**YOUR ASSIGNMENT:**
Pictures in the records below must be left out. Return exactly the lines from the line with "Подарок в коробке..." to the line with "ETHICAL ELEPHANT EXPERIENCE (från Phuket)", both included.

**LISTED RECORDS:**
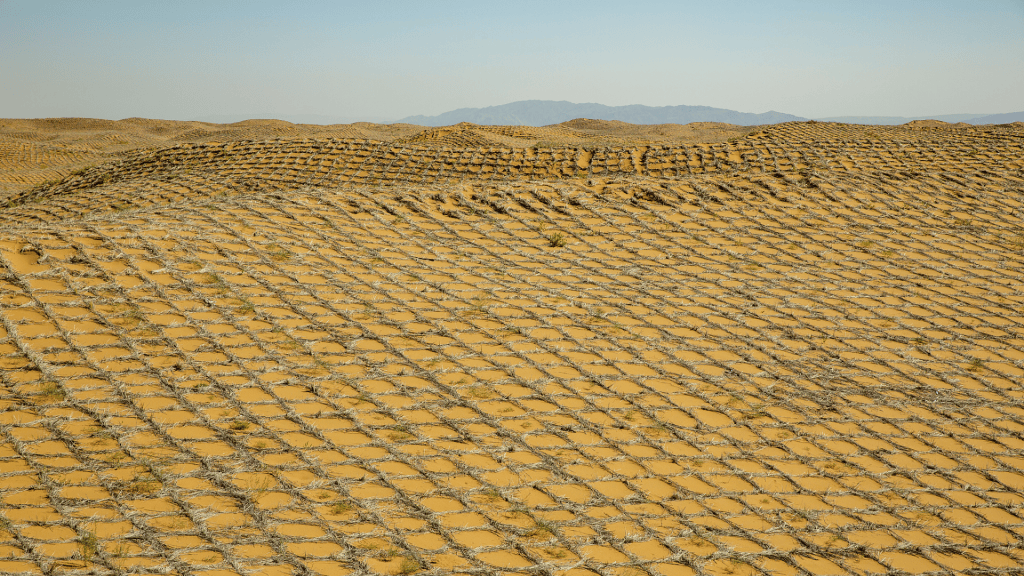 Tabuleiros de palha no deserto com manchas verdes crescendo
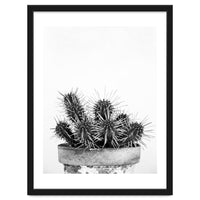 Cactus nature II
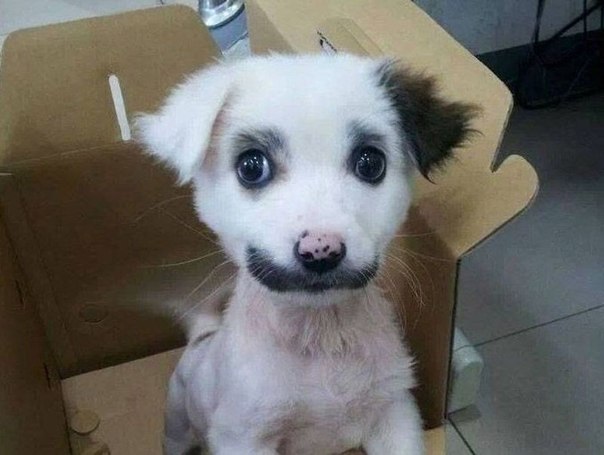 Подарок в коробке...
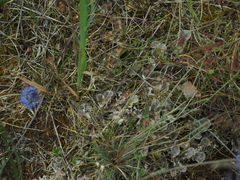 Peltigera rufescens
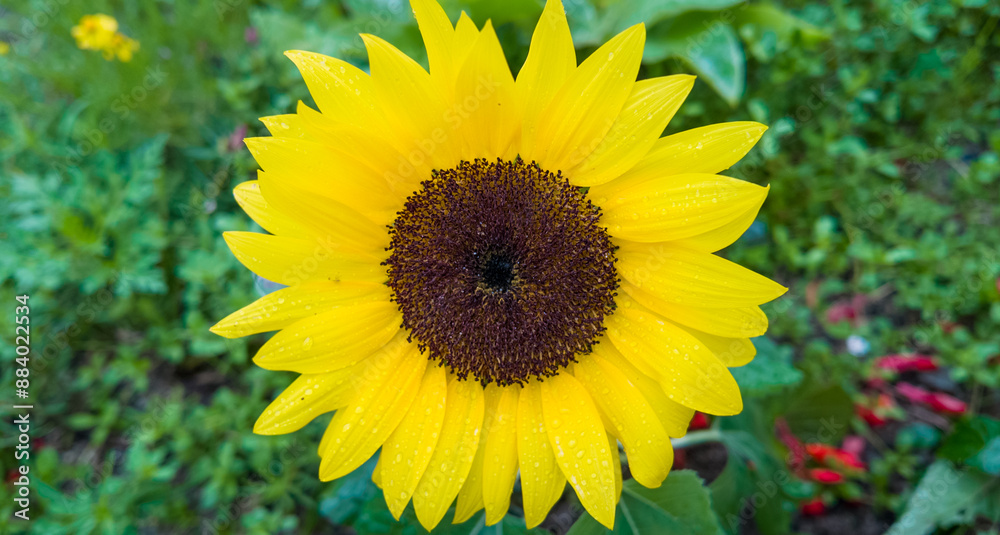 Obraz premium ヒマワリの花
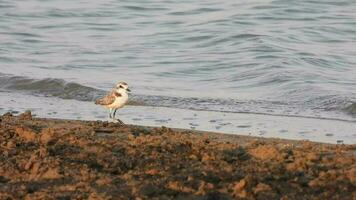 Ringed Plover Bird Looking for Food by the Water video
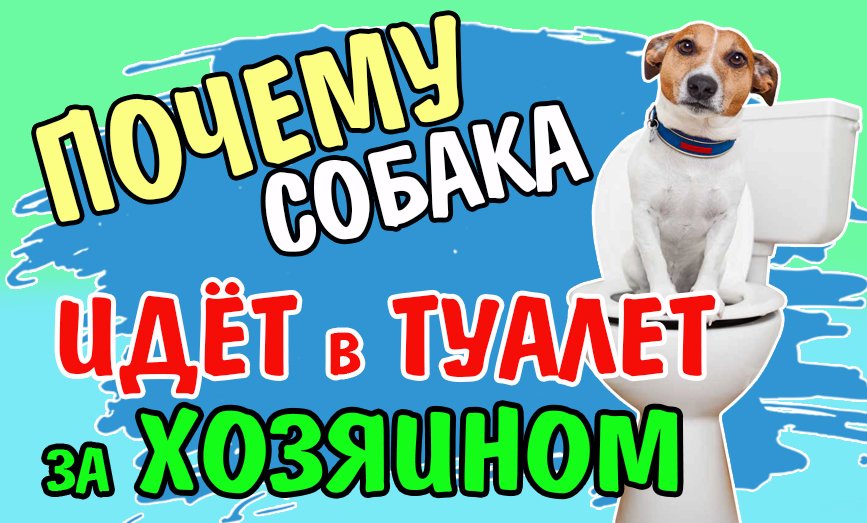 Почему собака идёт за хозяином в туалет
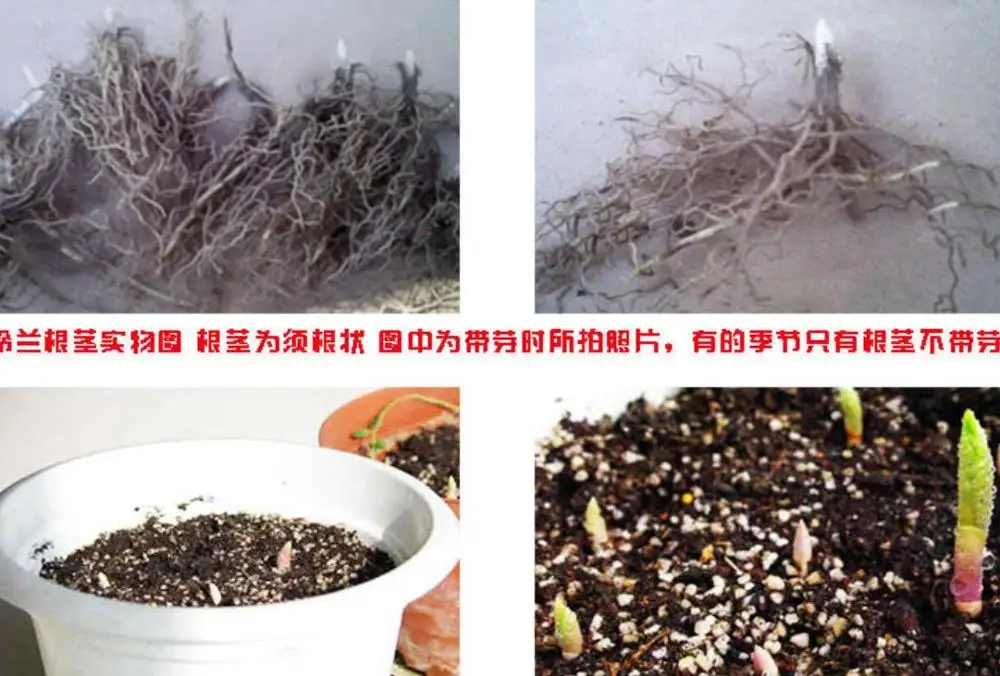 ladder to heaven Fresh live Convallaria majalis roots bulbs lily of the valley for planting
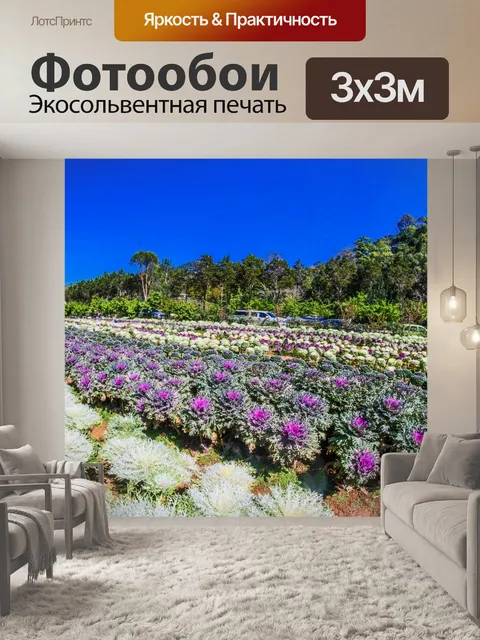 Фотообои Дои Анг Кханг, Чианг Май, Таиланд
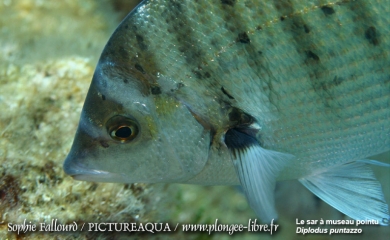 La mer Méditerranée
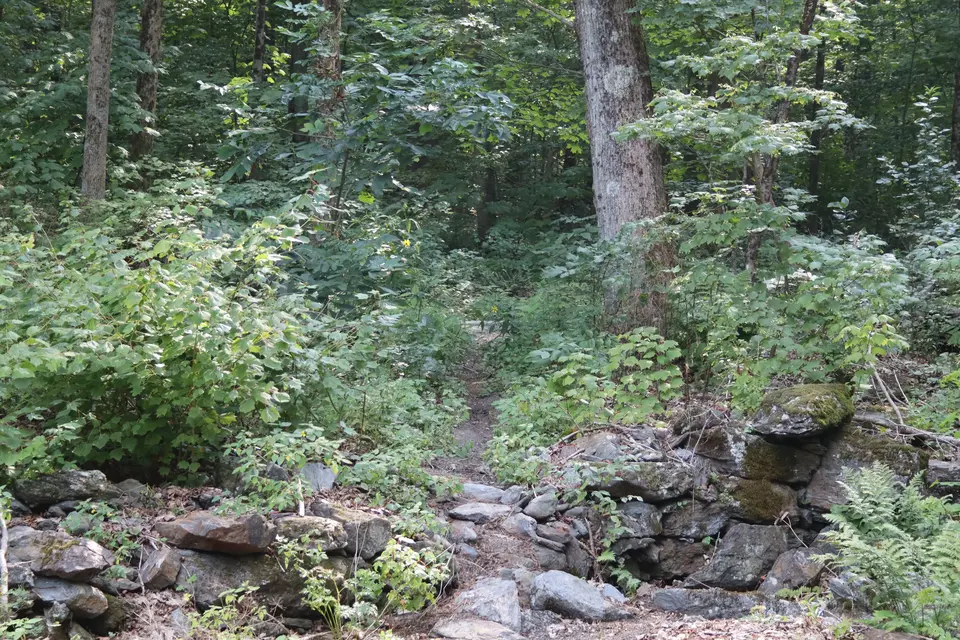 Entrance to the Portuguese Trail from the Reservoir Road Parking area, which extends south to the Lenox Water Supply Land. 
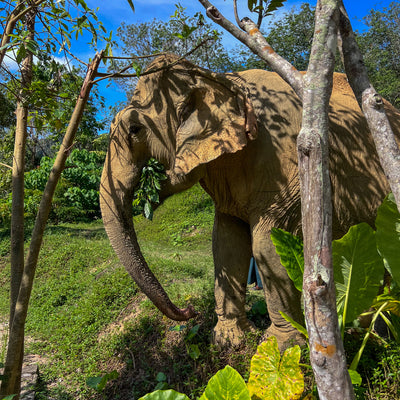 ETHICAL ELEPHANT EXPERIENCE (från Phuket)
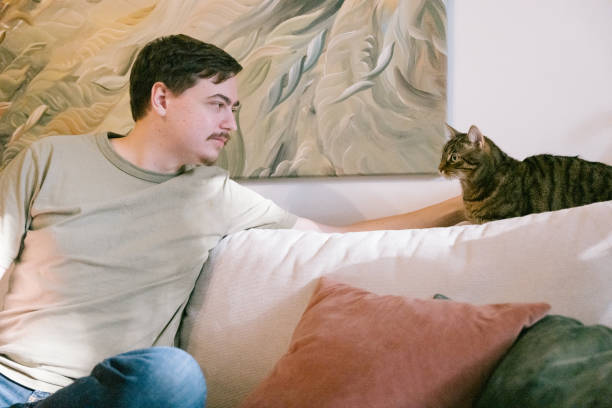 istock Man strokes with a gray cat on the sofa 2204486725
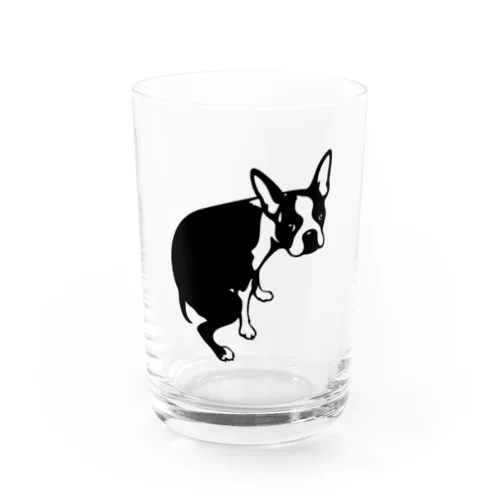 ボストンテリアうんちの犬 Water Glass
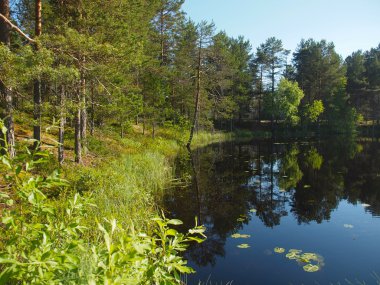Karelia 'daki güzel göl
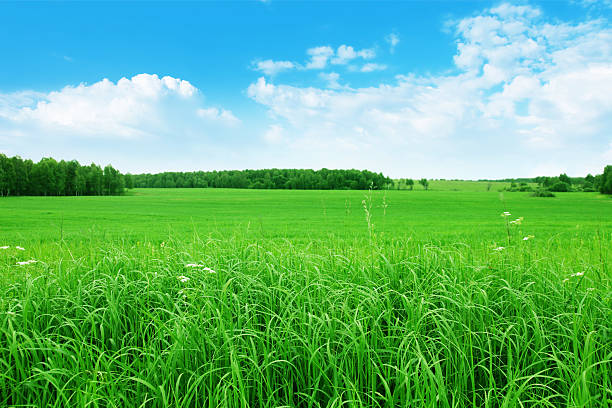 istock Green field and blue sky. 176958180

**ANSWER BELOW:**
 Подарок в коробке...
 Peltigera rufescens
 Obraz premium ヒマワリの花
 Ringed Plover Bird Looking for Food by the Water video
 Почему собака идёт за хозяином в туалет
 ladder to heaven Fresh live Convallaria majalis roots bulbs lily of the valley for planting
 Фотообои Дои Анг Кханг, Чианг Май, Таиланд
 La mer Méditerranée
 Entrance to the Portuguese Trail from the Reservoir Road Parking area, which extends south to the Lenox Water Supply Land. 
 ETHICAL ELEPHANT EXPERIENCE (från Phuket)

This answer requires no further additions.